RECORD EXCERPTS —

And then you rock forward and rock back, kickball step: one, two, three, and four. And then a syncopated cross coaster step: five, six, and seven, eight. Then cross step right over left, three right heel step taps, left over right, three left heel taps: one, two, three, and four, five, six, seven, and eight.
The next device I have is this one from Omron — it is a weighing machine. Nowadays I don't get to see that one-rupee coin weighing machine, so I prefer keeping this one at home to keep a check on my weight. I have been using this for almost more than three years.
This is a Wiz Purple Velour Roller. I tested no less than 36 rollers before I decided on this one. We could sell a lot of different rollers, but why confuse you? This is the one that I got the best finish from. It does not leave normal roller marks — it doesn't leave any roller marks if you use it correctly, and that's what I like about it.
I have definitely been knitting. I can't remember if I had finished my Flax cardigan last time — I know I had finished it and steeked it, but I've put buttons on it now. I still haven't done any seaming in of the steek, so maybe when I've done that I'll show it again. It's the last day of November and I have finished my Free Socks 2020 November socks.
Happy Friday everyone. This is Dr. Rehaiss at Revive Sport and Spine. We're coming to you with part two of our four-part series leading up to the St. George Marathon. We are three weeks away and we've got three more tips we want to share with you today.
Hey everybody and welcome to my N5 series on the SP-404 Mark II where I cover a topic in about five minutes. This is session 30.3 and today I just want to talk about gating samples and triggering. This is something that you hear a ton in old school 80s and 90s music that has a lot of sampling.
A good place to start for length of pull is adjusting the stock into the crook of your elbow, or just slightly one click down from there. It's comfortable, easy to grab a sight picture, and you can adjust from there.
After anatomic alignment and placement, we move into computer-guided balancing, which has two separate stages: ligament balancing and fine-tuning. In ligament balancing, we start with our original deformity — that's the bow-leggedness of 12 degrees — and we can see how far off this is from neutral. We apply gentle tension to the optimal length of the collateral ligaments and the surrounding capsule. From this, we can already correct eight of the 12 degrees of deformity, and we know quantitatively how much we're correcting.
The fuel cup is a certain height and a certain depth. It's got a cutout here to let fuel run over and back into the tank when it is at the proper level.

REQUIREMENT —
Return exactly the line that contains "After anatomic alignment" and every line after it, through the last line of the records.

OUTPUT OF THE TASK —
After anatomic alignment and placement, we move into computer-guided balancing, which has two separate stages: ligament balancing and fine-tuning. In ligament balancing, we start with our original deformity — that's the bow-leggedness of 12 degrees — and we can see how far off this is from neutral. We apply gentle tension to the optimal length of the collateral ligaments and the surrounding capsule. From this, we can already correct eight of the 12 degrees of deformity, and we know quantitatively how much we're correcting.
The fuel cup is a certain height and a certain depth. It's got a cutout here to let fuel run over and back into the tank when it is at the proper level.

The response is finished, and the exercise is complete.